Ridha terhadap Diri: Akar dari Kelalaian atau Jalan Menuju Kesadaran
"Asal segala maksiat, kelalaian, dan syahwat adalah karena ridha terhadap diri sendiri. Dan asal segala ketaatan, kesadaran, dan penjagaan adalah karena tidak ridha terhadap diri sendiri."
Kata-kata ini mengandung kedalaman spiritual yang luar biasa. Ia tidak sekadar menyentuh perilaku lahiriah, tetapi menyingkap akar psikologis dan ruhani dari tindakan manusia. Di balik setiap maksiat, kelalaian, dan dorongan syahwat, tersembunyi satu sikap batin: ridha terhadap diri sendiri. Sebaliknya, di balik setiap ketaatan, kesadaran, dan penjagaan, terdapat sikap tidak ridha terhadap diri sendiri.

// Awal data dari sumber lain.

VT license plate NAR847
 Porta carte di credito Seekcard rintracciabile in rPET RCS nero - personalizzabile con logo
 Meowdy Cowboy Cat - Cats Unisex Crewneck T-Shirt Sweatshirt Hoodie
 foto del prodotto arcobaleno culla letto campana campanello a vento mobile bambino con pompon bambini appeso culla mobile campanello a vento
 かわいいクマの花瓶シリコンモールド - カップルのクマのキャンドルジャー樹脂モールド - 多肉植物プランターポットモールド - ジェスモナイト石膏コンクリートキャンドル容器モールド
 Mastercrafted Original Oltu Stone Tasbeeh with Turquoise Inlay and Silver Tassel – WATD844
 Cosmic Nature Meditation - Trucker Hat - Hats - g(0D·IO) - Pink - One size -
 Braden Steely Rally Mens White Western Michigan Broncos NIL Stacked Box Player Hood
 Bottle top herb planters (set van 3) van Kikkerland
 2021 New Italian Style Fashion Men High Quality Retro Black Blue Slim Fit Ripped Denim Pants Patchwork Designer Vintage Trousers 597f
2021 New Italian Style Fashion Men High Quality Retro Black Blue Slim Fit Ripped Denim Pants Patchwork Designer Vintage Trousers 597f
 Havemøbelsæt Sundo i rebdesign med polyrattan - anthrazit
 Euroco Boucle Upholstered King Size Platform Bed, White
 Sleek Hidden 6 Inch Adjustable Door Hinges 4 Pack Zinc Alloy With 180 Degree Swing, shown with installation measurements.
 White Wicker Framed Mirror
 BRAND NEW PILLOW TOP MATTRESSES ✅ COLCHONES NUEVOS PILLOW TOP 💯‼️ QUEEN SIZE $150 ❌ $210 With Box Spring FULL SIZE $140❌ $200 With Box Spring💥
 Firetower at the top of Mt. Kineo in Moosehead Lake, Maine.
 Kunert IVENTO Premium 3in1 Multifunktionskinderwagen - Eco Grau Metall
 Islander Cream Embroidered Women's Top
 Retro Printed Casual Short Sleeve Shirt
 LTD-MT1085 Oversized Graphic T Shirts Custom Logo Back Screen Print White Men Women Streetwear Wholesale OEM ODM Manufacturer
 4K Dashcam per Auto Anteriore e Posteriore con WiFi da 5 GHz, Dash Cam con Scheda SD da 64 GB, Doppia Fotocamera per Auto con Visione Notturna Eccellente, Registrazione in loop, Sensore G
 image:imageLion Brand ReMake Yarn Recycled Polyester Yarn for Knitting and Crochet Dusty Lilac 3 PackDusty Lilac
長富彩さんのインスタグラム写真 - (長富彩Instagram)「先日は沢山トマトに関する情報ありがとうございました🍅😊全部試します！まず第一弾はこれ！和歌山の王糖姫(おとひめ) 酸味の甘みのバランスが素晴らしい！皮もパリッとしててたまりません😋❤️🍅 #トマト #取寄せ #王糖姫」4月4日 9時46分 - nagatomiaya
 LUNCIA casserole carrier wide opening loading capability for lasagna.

Ridha terhadap diri sendiri di sini bukanlah bentuk penerimaan yang sehat, melainkan kepuasan yang menutup pintu perbaikan. Ketika seseorang merasa cukup, merasa benar, merasa aman dengan dirinya sendiri, maka ia cenderung lengah. Ia tidak lagi mengawasi niat, tidak lagi mempertanyakan arah langkahnya, dan tidak lagi merasa perlu untuk berubah. Dari sinilah kelalaian tumbuh. Syahwat pun menemukan ruang untuk berbisik, dan maksiat menjadi sesuatu yang mudah dilakukan karena tidak ada benteng introspeksi.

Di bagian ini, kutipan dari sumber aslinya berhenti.